[EXTRACTED RECORDS — start]

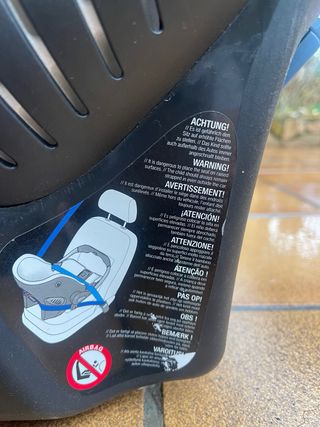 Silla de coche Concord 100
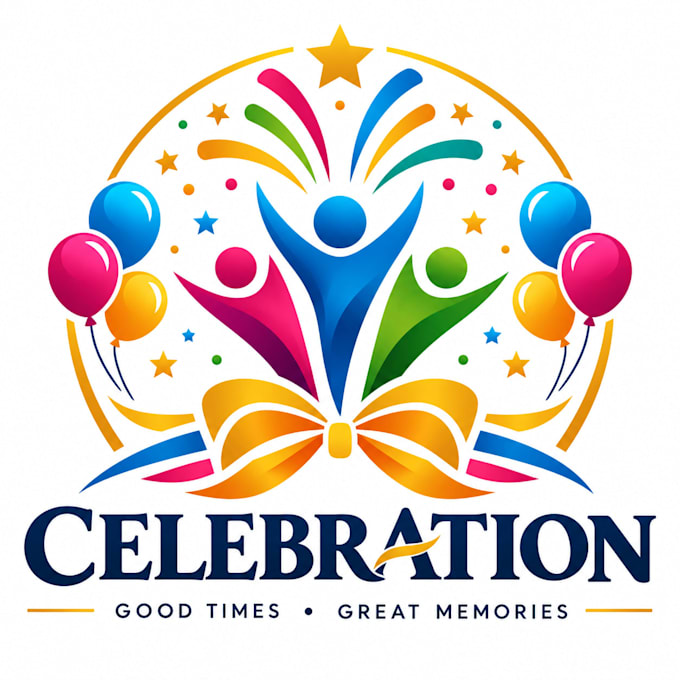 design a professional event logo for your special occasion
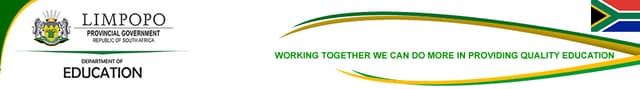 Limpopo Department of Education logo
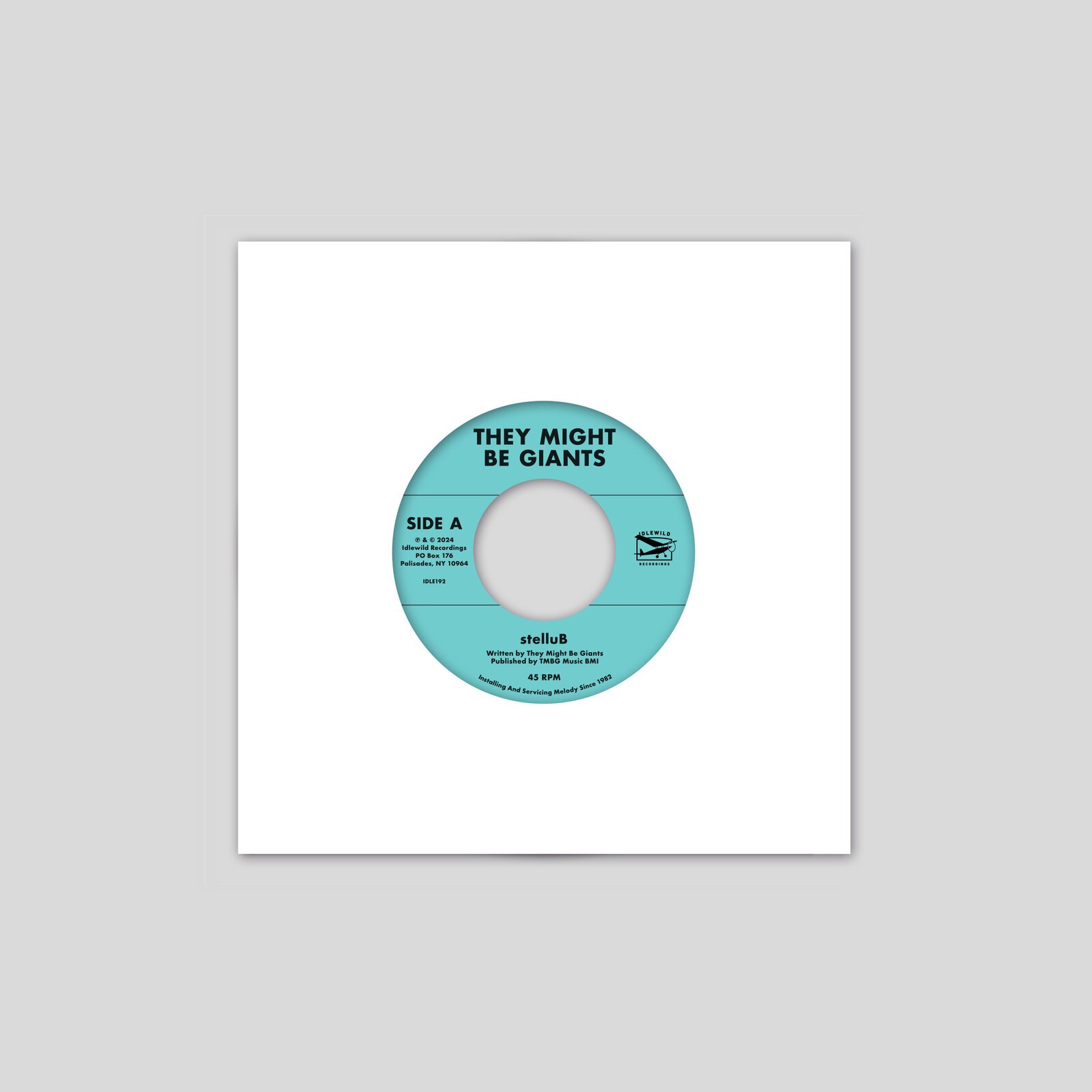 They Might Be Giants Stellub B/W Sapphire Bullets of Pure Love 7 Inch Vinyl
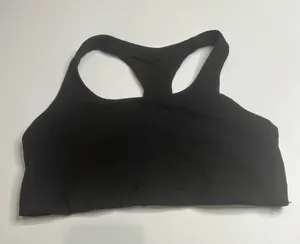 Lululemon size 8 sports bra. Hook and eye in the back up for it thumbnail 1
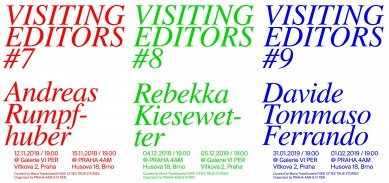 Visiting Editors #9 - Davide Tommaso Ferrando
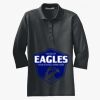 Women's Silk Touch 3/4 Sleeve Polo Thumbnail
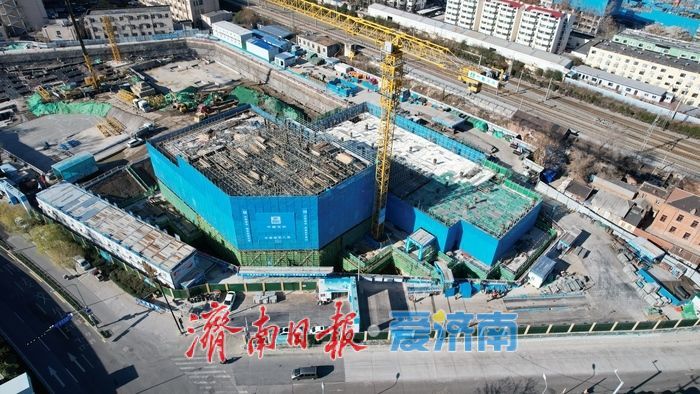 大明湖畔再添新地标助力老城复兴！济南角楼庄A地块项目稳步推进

[EXTRACTED RECORDS — finish]
[EXTRACTED RECORDS — start]

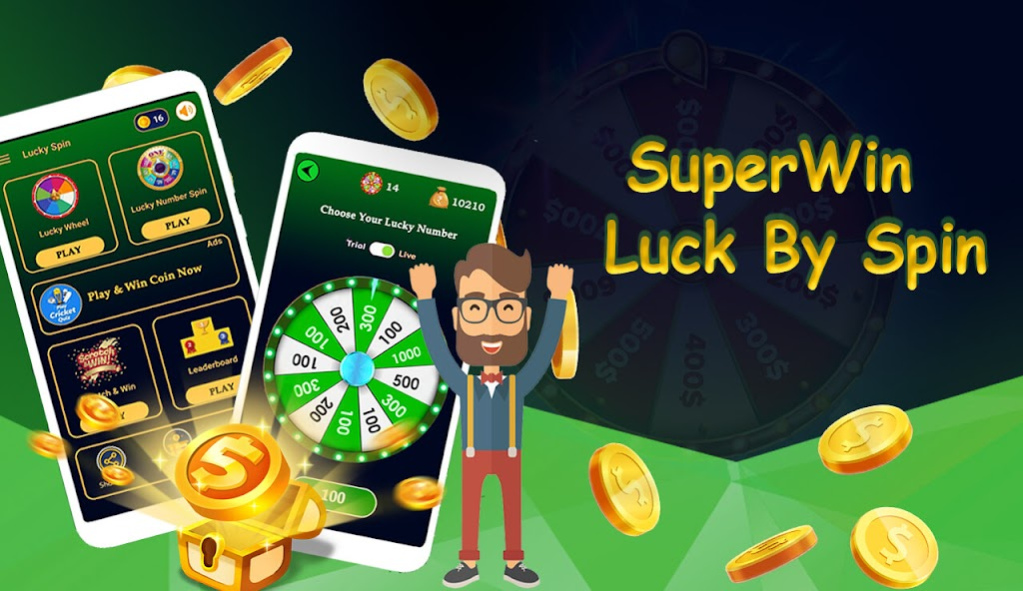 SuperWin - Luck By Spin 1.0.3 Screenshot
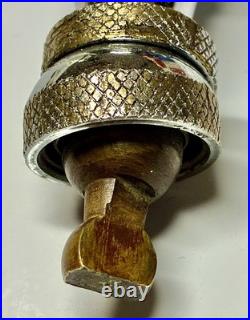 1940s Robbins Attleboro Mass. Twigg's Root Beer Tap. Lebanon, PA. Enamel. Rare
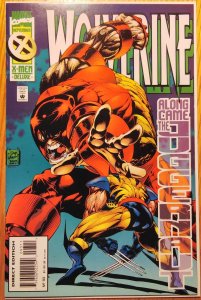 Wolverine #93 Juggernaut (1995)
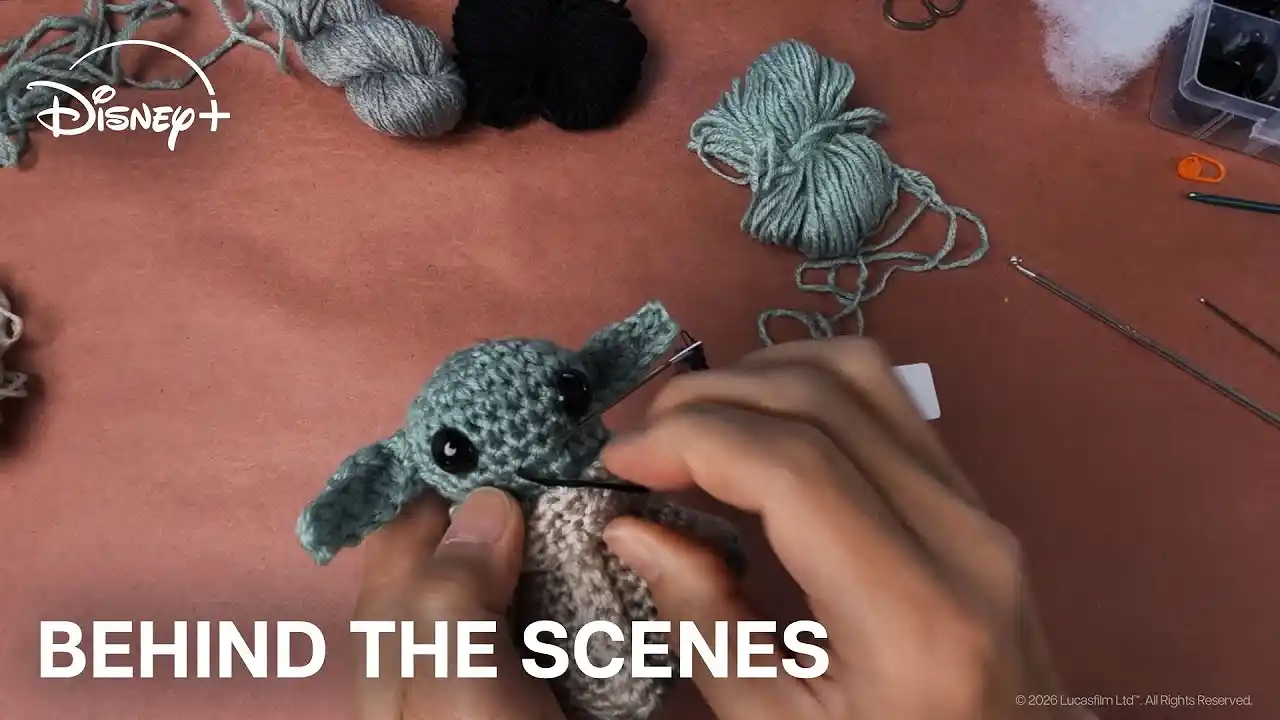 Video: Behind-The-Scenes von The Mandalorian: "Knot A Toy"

[EXTRACTED RECORDS — finish]

▸ **EXERCISE**
In the listing above, find the line containing "Lululemon size 8" and the line containing "大明湖畔再添新地标助力老城复兴！济南角楼庄A地块项目稳步推进", then return both of them and every line between, exactly, without pictures.

▸ **WRITTEN SOLUTION**
 Lululemon size 8 sports bra. Hook and eye in the back up for it thumbnail 1
 Visiting Editors #9 - Davide Tommaso Ferrando
 Women's Silk Touch 3/4 Sleeve Polo Thumbnail
 大明湖畔再添新地标助力老城复兴！济南角楼庄A地块项目稳步推进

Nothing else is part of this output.